◆ To do ◆
Copy, word for word, the line containing "Canapea de coltar, Massive" and each line that follows it in the entries below; pictures do not belong in the copy.

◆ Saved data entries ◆
______________________________
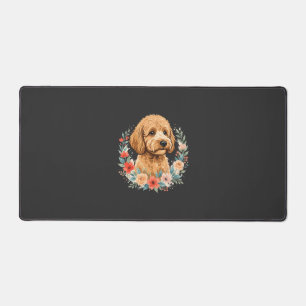 Floral Dog Round Sublimation Desk Mat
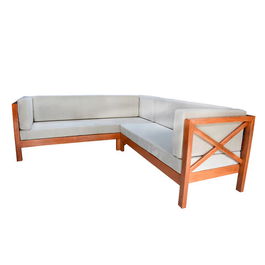 Canapea de coltar, Massive Design, Tambo, 215.200x70x68cm, Alb
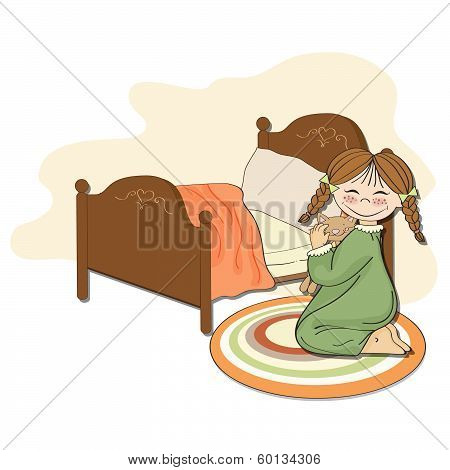 Little Girl Is Preparing For Sleep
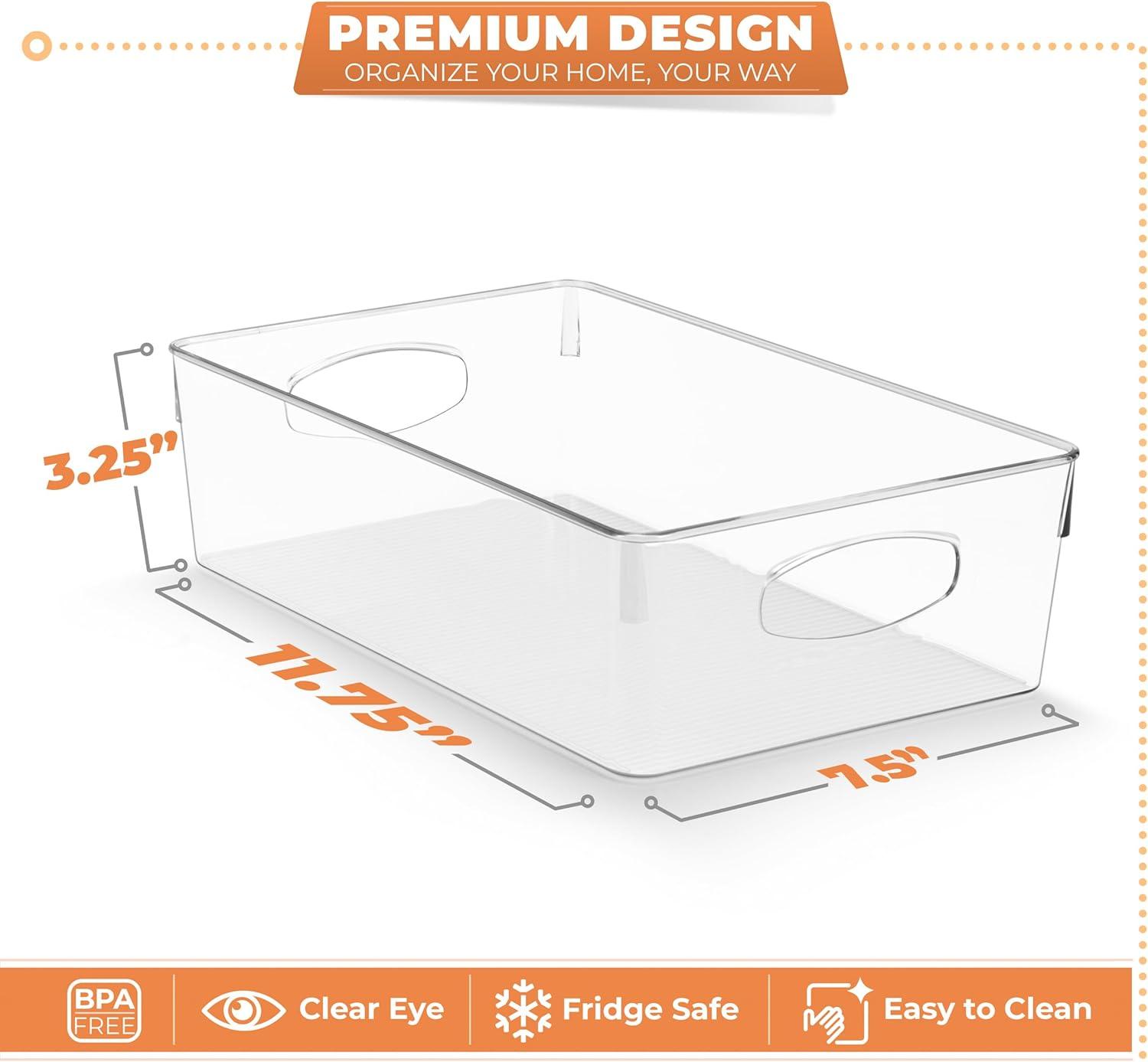 Sorbus Sorbus 10 Pack Narrow Clear Plastic Storage Bins with Handles for Shelves
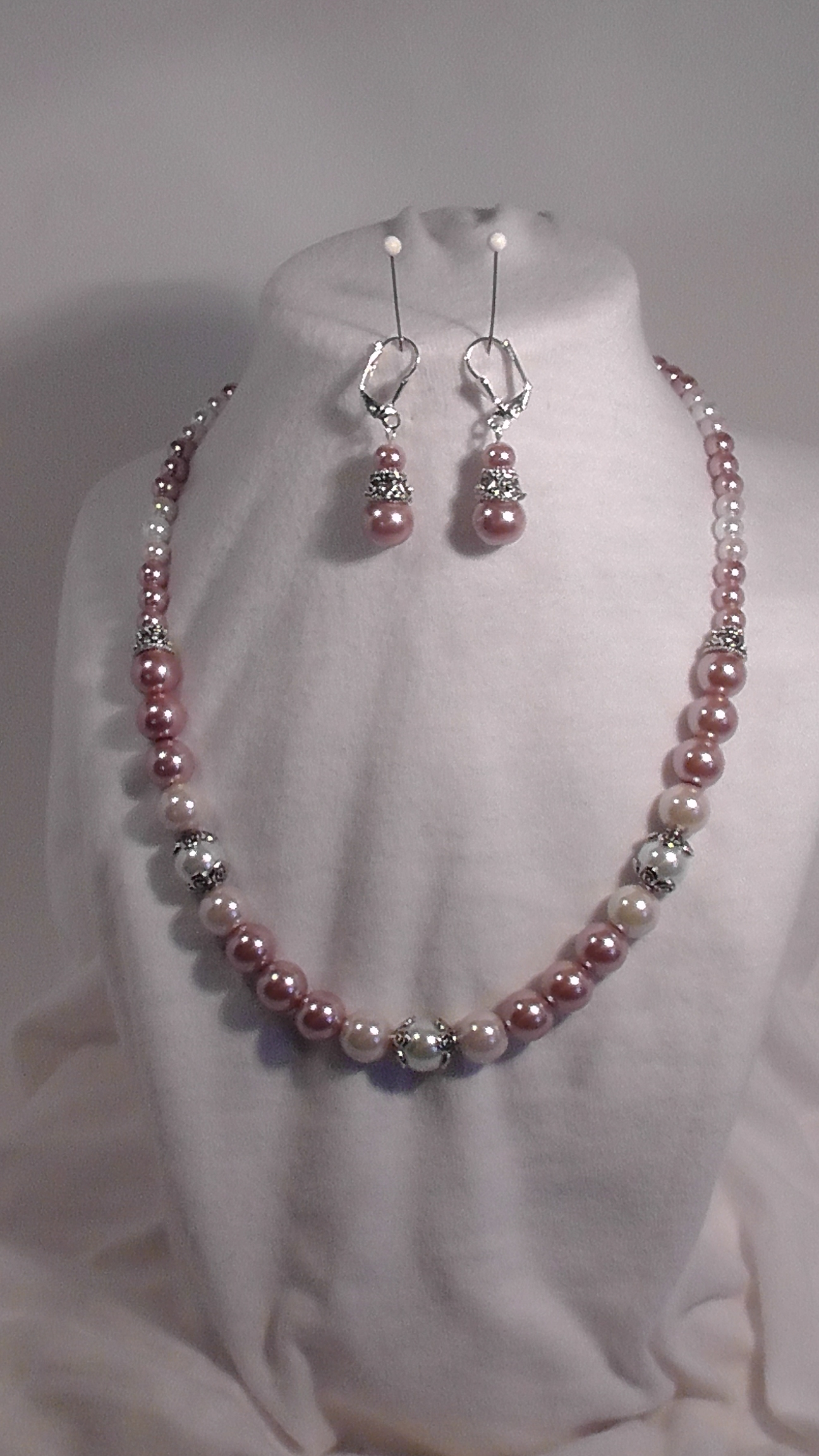 Rose Pearl Strand Necklace and Earrings Set on Storenvy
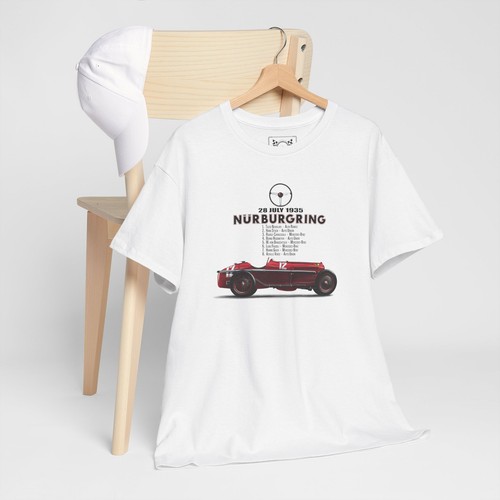 Tazio Nuvolari Nürburgring T-Shirt 1935 Nordschleife Racing Tee Alfa Fans Gift - Picture 19 of 73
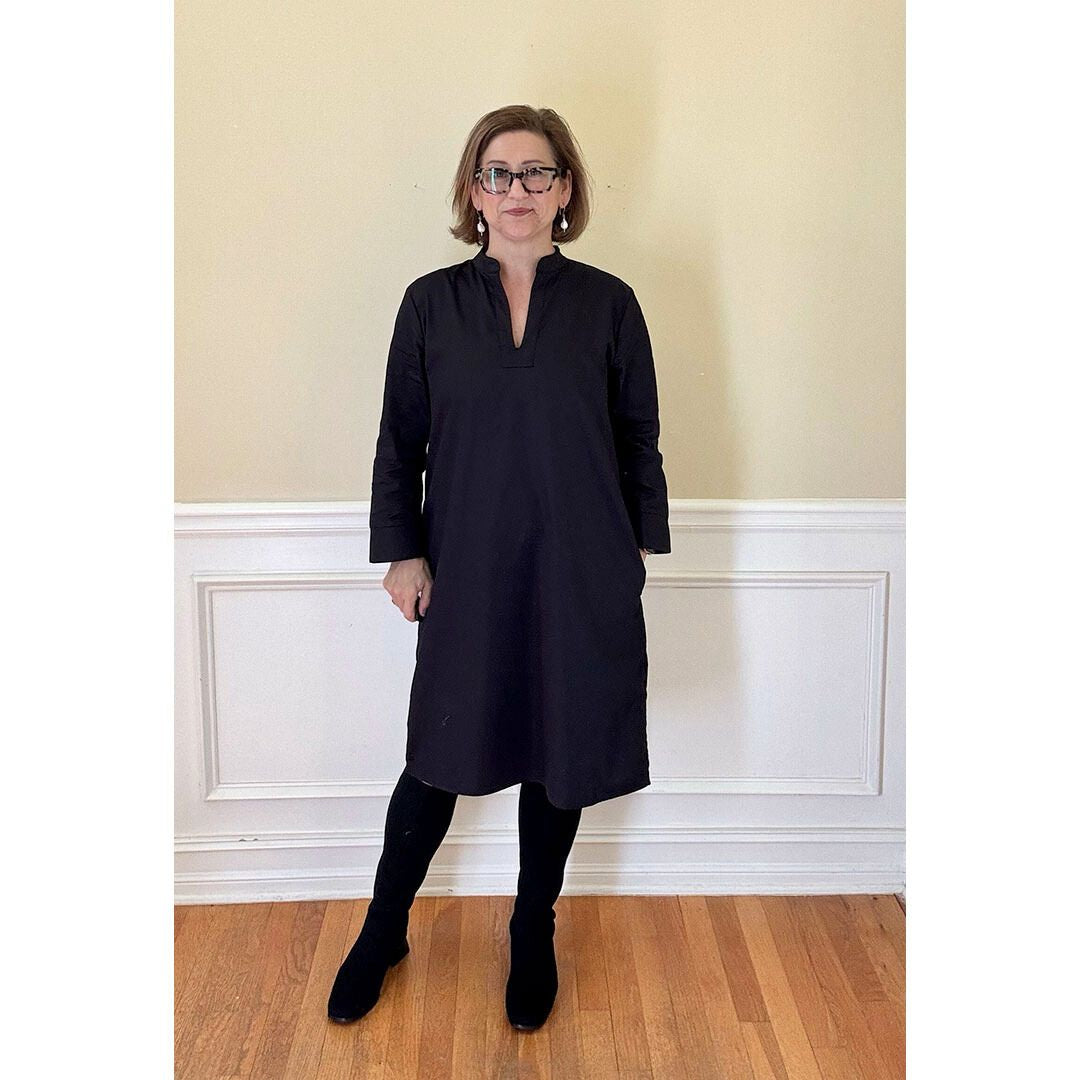 Short Poppy Caftan Dress - Black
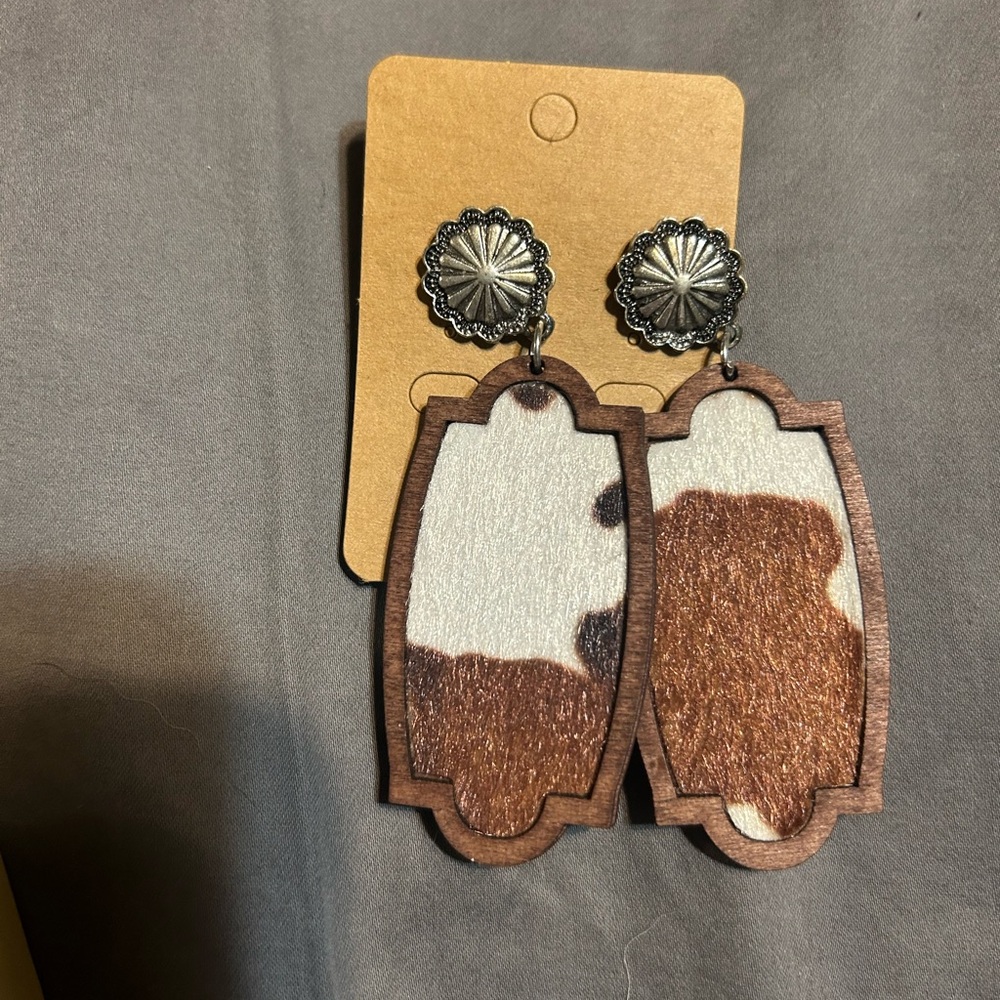 Cow hide earrings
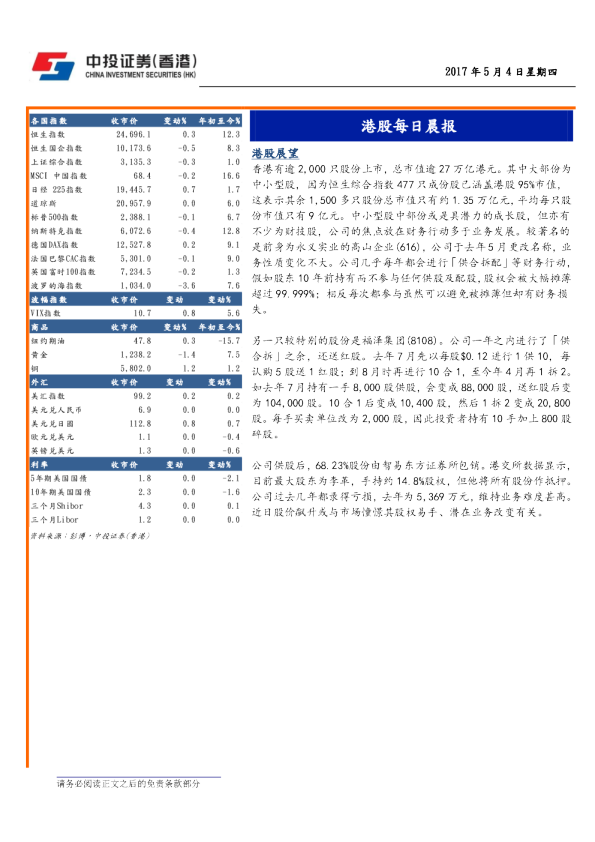 港股每日晨报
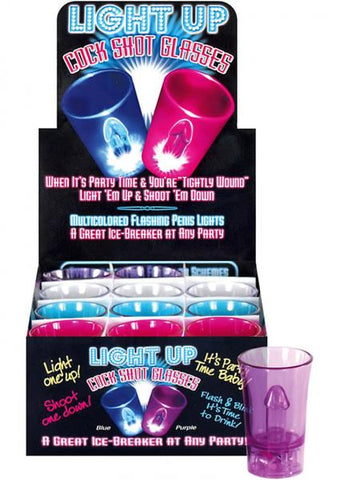 Light Up Cock Shot Glasses 12 Per Display
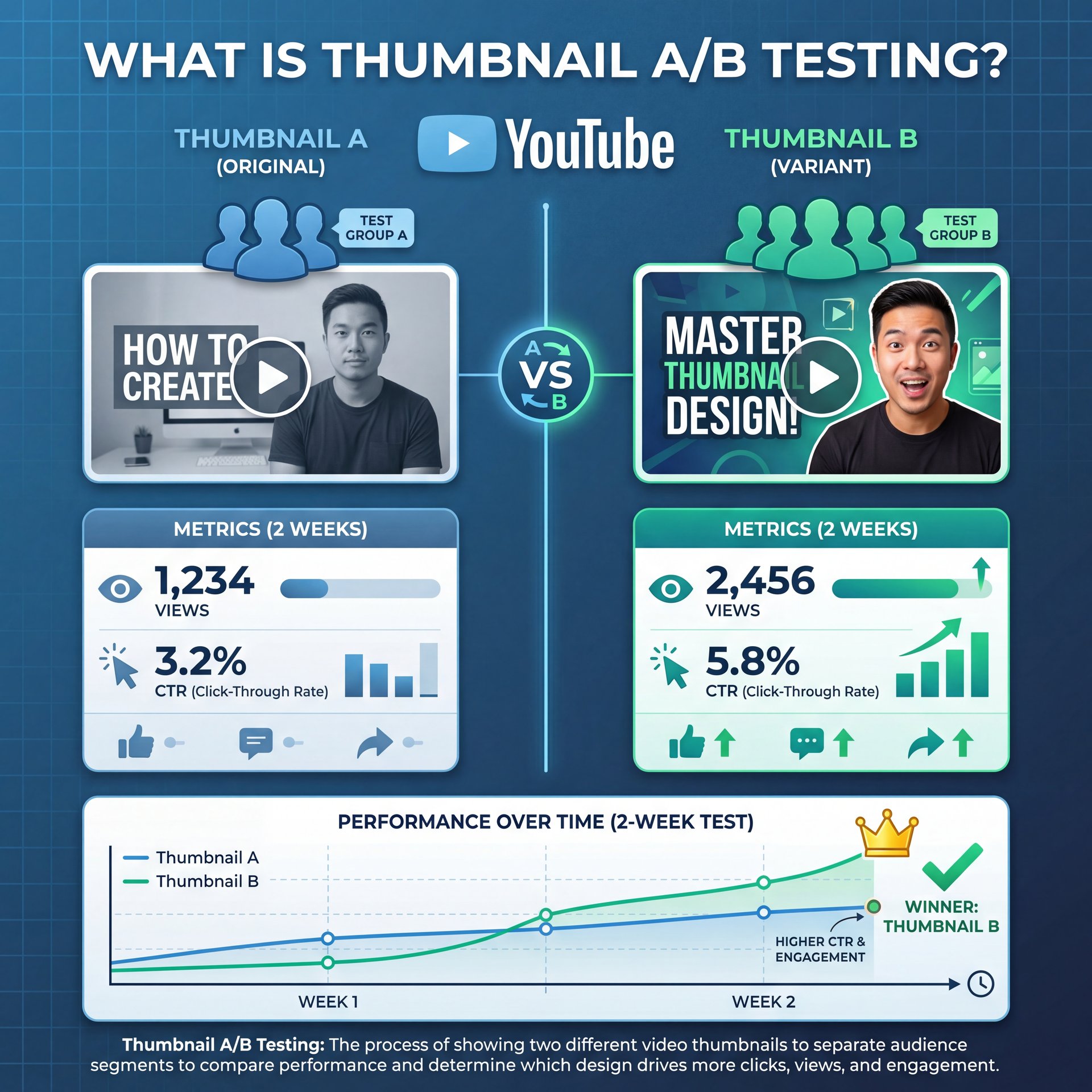 Illustration showing What Is thumbnail A/B testing?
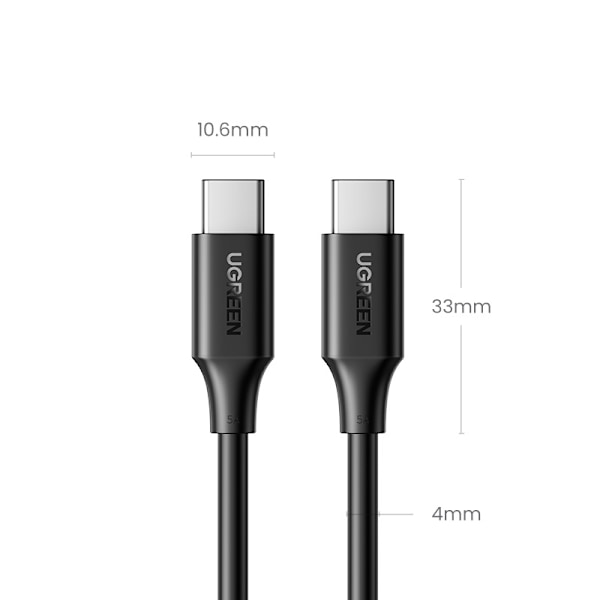 Ugreen US562 USB-C till USB-C Kabel PD QC 100W 5A 480Mb/s 1/5m S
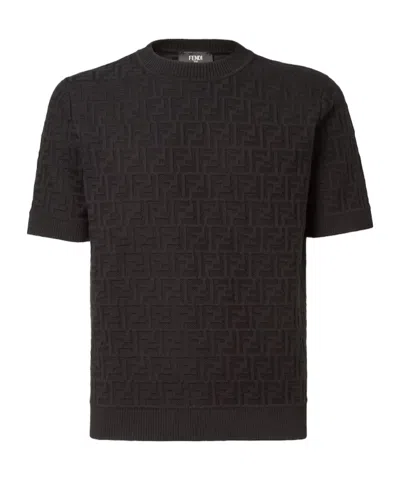 Fendi Ff Logo Short-sleeved Sweater In Multi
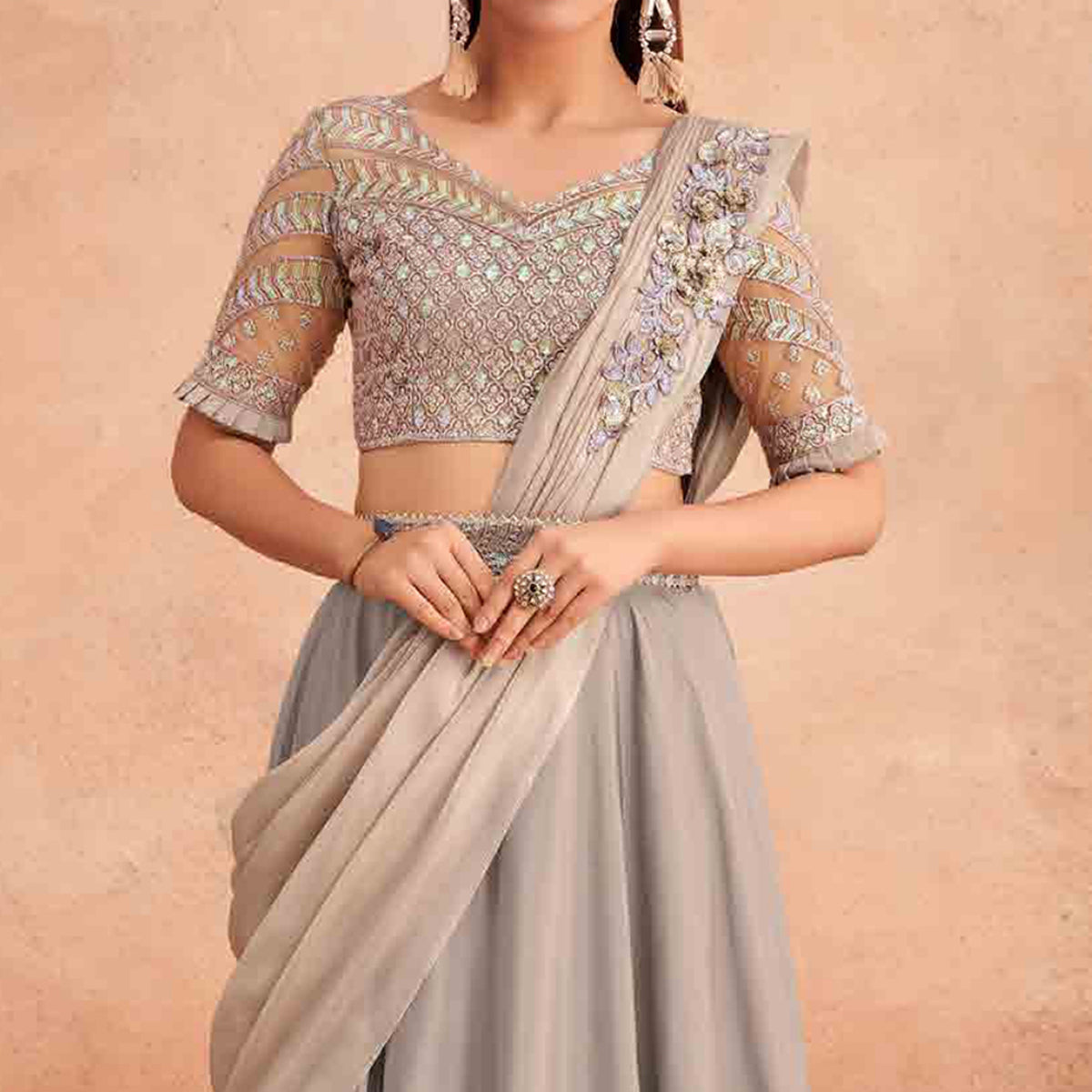 Peachmode Seller Light Grey Sequins Embroidered Ready to Wear Art Silk Saree - view 3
______________________________
◆ Output for this task ◆
 Canapea de coltar, Massive Design, Tambo, 215.200x70x68cm, Alb
 Little Girl Is Preparing For Sleep
 Sorbus Sorbus 10 Pack Narrow Clear Plastic Storage Bins with Handles for Shelves
 Rose Pearl Strand Necklace and Earrings Set on Storenvy
 Tazio Nuvolari Nürburgring T-Shirt 1935 Nordschleife Racing Tee Alfa Fans Gift - Picture 19 of 73
 Short Poppy Caftan Dress - Black
 Cow hide earrings
 港股每日晨报
 Light Up Cock Shot Glasses 12 Per Display
 Illustration showing What Is thumbnail A/B testing?
 Ugreen US562 USB-C till USB-C Kabel PD QC 100W 5A 480Mb/s 1/5m S
 Fendi Ff Logo Short-sleeved Sweater In Multi
 Peachmode Seller Light Grey Sequins Embroidered Ready to Wear Art Silk Saree - view 3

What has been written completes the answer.